What Difret captures is how solutions came from within Ethiopia — not from outside organizations or initiatives. For Ethiopian-born, New York-based painter Julie Mehretu, that’s what makes Difret a powerful piece of art.

“This is a really intense topic, but it's a topic that really requires an in depth examination and cultural specificity. It's an amazing thing to have an Ethiopian male feminist take on this story and articulate this narrative of amazing Ethiopian women,” she says.

Mehretu and her partner Jessica Rankin, along with Angelina Jolie, supported the film as executive producers. After reading the script, Mehretu and Rankin provided funds to get the film into production.

“It’s not just that this is a bad tradition. That is something that you don’t need the film to tell you. It shows the complexity of tradition and culture and evolution and change, and it shows the self-determining aspect of human beings, this desire for resistance from within,” Mehretu says.

The movie explains the global importance of self-defense for women, explains Kathy Bonk, executive director of the Communications Consortium Media Center. She has spent the last 30 years leveraging media to change domestic and global policies affecting women, children, and families. Difret’s message reminds her of The Burning Bed, a 1984 made-for-TV movie starring Farrah Fawcett as a woman who'd been abused by her husband for many years.

“She put gasoline around her husband’s bed, and lit the fire and killed him.
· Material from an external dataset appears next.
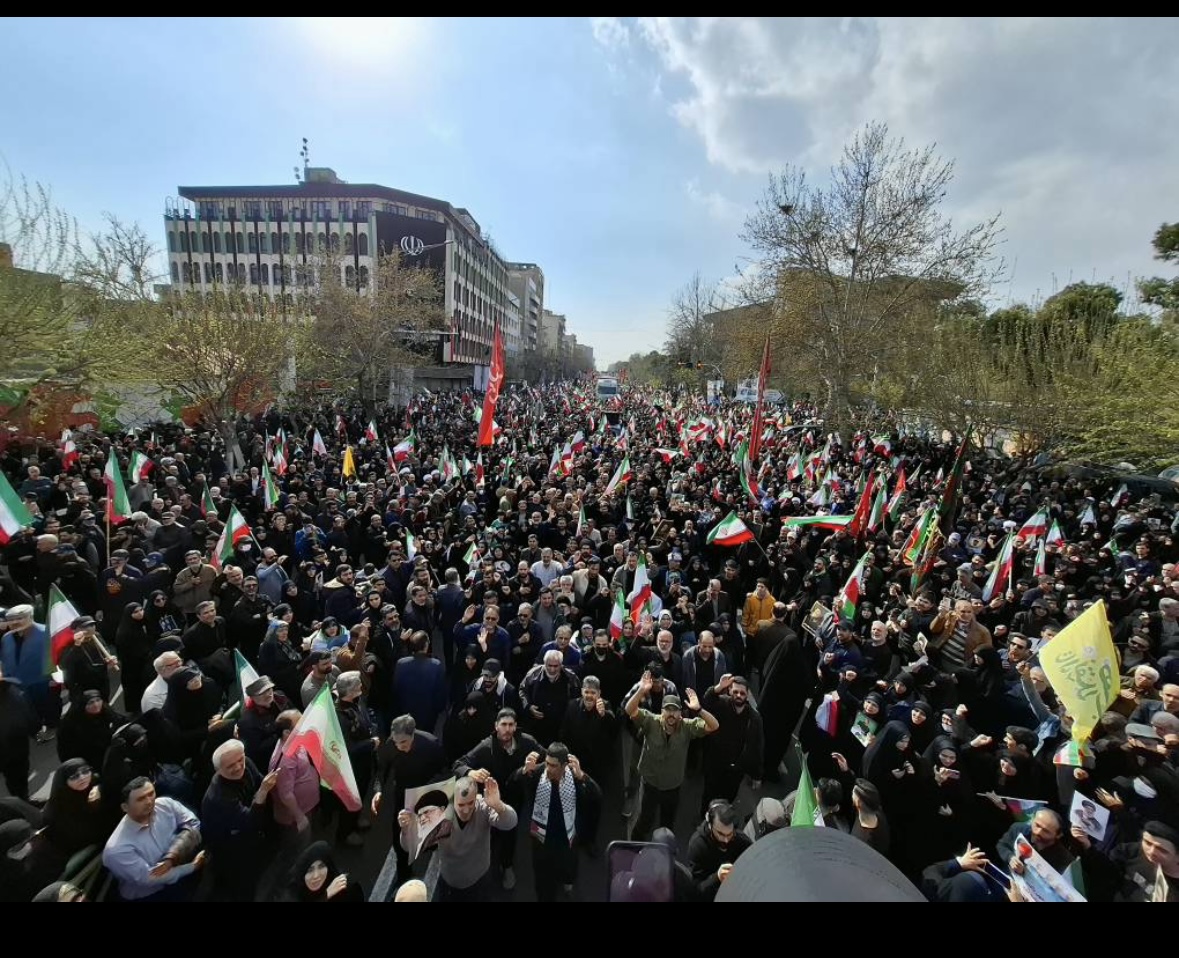 تشییع پیکر شهید لاریجانی و ۸۴  قهرمان ناوشکن دنا / وداع مردم تهران با سرداران دریا و میدان+ فیلم و عکس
And it really sparked the domestic violence movement in the United States because this woman was acquitted,” Bonk says.

Both The Burning Bed and Difret ask the audience to grapple with difficult questions like: Who's at fault, and how far is too far when it comes to abuse of women and girls? And finally, what difference can a film really make?

“It's the viewing of the film and also the conversation that takes place afterwards that equals, basically, a consciousness-raising moment so that both the men and the women, the mothers and the fathers, the girls and the boys come together and have an opportunity to express themselves about the destructive impact that something like an abduction of a young girl has. And if a film can spark that conversation that's certainly a step toward culture change,” Bonk says.

Ethiopia has a rich tradition of public debate and discussion, which is celebrated most notably in a scene from Difret depicting a traditional Ethiopian community court, where a group of men are gathered together under a shady sycamore tree to discuss how to respond to the tragedy that has befallen their community.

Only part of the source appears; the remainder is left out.